To counter this, this MR introduces a "guard" background job (yep, naming is hard). It will basically scan through pre_importing, pre_import_done and importing states, detect stale migrations and abort them. That's issue #349745 (closed).

Aborted migrations are retried automatically by the other worker that handles the migration: the Enqueuer. This is how way to reconcile an unsynced migration state.

The core responsibility of the guard job is to look after migrations that have been in the importing state for too long. That's because the import step needs to be as short as possible. In this step, the container image is put in read only mode = no new tags can be pushed to the image = degraded UX. 😿

🔭 What does this MR do and why?

  • Update the gitlab_api_client of the registry to support the #migration_status function
    • That's what will get the migration status from the Container Registry API
  • Update the ContainerRepository model with:
    • scopes to selecting stale migrations
    • global scope to get all stale migrations in a single call
  • Add a ContainerRegistry::Migration::GuardWorker
    • This will be a cron worker. Frequency, each 10.minutes.
    • It is deduplicated of course
    • Will read ContainerRegistry::Migration.max_step_duration.seconds
      • This is the setting that defines what is a stale state. For example, we could say that migration can't spend more than 5.minutes in a given state.
    • For added safety, the amount of stale migrations pulled are limited. We have ContainerRegistry::Migration.capacity that defines the max amount of ongoing migrations. This is modified by feature flag s. The absolute maximum is 25 parallel migrations.
    • The whole registry migration is currently scoped to gitlab.com only. As such, on self-managed instances, this job will be a no-op

🖼 Screenshots or screen recordings

See next section

How to set up and validate locally

  1. The worker is checking ::Gitlab.com? in its #perform function. Disable that part for local testing.
  2. Enable the max capacity Feature.enable(:container_registry_migration_phase2_capacity_25)

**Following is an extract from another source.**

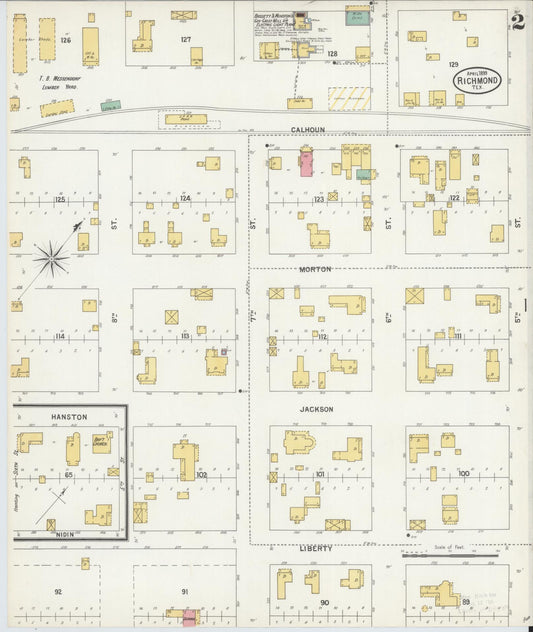 Sanborn Fire Insurance Map from Richmond, Fort Bend County, Texas (1899), Sheet #0002 - Historic Sanborn Fire Insurance Map Print, vintage old map wall art, antique decor, genealogy gift, Texas Texas map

1️⃣ Stale importing migrations

In a rails console:

  1. Let's create a container repository in the right migration status
    image = FactoryBot.create(:container_repository, :importing, project: Project.last)
  2. Let's make it stale
    image.update!(migration_import_started_at: 1.hour.ago)
  3. Run the guard job
    ContainerRegistry::Migration::GuardWorker.new.perform
  4. Check the status
    image.reload.migration_state # "import_aborted"

2️⃣ Stale pre_importing migrations + pre_import_in_progress

  1. Let's create a container repository in the right migration status
    image = FactoryBot.create(:container_repository, :pre_importing, project: Project.last)
  2. Let's make it stale
    image.update!(migration_pre_import_started_at: 1.hour.ago)
  3. Run the guard job
    ContainerRegistry::Migration::GuardWorker.new.perform
  4. Check the status
    image.reload.migration_state # "import_aborted"

3️⃣ Stale pre_import_done migrations + pre_import_complete

  1. Let's create a container repository in the right migration status
    image = FactoryBot.create(:container_repository, :pre_import_done, project: Project.last)
  2. Let's make it stale
    image.update!(migration_pre_import_done_at: 1.hour.ago)
  3. Run the guard job
    ContainerRegistry::Migration::GuardWorker.new.perform
  4. Check the status
    image.reload.migration_state # "import_aborted"

🏁 MR acceptance checklist

This checklist encourages us to confirm any changes have been analyzed to reduce risks in quality, performance, reliability, security, and maintainability.

💾 Database Review

🤖 Queries

One word on the setup I used to test the queries. Right now, we don't have any migration going on. As such, we have no container images in state pre_importing, pre_import_done or importing.

To solve this, I used an UPDATE statement that will set container images (randomly) in the proper state. Those setup instructions are on each query analysis.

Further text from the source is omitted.